This note introduces the Chinese Remainder Theorem and outlines a standard proof.
Statement
We begin with congruences: if two integers $a$ and $b$ leave the same remainder when divided by a positive integer $m$, then we write
$$ a \equiv b \pmod m $$
A system of congruences is simply a collection of such relations.
We also need the notion of a modular inverse. For integers $a$ and $m$, if there exists an integer $b$ such that
$$ a \times b \equiv 1 \pmod m $$
then $b$ is called the modular inverse of $a$ modulo $m$. Such an inverse exists only when $a$ and $m$ are coprime.
The Chinese Remainder Theorem states that for a system
$$ S=\begin{cases} x \equiv a_1 \pmod{m_1}\ x \equiv a_2 \pmod{m_2}\ \dots\ x \equiv a_n \pmod{m_n} \end{cases} $$
if the moduli $m_i$ are pairwise coprime, then the system always has a solution for arbitrary integers $a_i$, and the general solution can be written as
$$ x=kM + \sum_{i=1}^{n}a_it_iM_i $$
where $k \in \mathbb{Z}$, $M=\prod_{i=1}^n m_i$, $M_i=M/m_i$, and $t_i$ is the modular inverse of $M_i$ modulo $m_i$.
Proof sketch
For each pair $i \neq j$, pairwise coprimality implies that $m_i$ and $M_i$ are coprime. Hence there exists $t_i$ such that
$$ t_iM_i \equiv 1 \pmod{m_i} $$
Therefore
$$ a_it_iM_i \equiv a_i \pmod{m_i} $$
while for $j \neq i$,
$$ a_jt_jM_j \equiv 0 \pmod{m_i} $$
This shows that
$$ x=\sum_{i=1}^{n}a_it_iM_i $$
satisfies every congruence in the system.

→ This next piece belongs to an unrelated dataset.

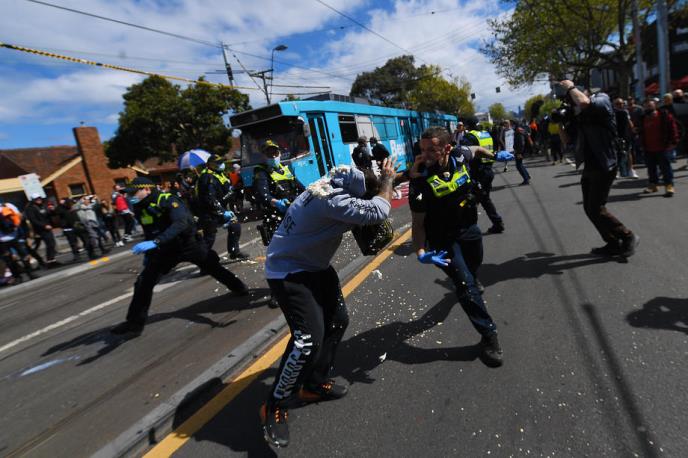 policija-i-demonstranti-u-melburnu.jpg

If $x_1$ and $x_2$ are two solutions, then $x_1-x_2 \equiv 0 \pmod{m_i}$ for every $i$. Since the $m_i$ are pairwise coprime, their product $M$ divides $x_1-x_2$. Hence all solutions differ by integer multiples of $M$, giving the full form
$$ x=kM + \sum_{i=1}^{n}a_it_iM_i $$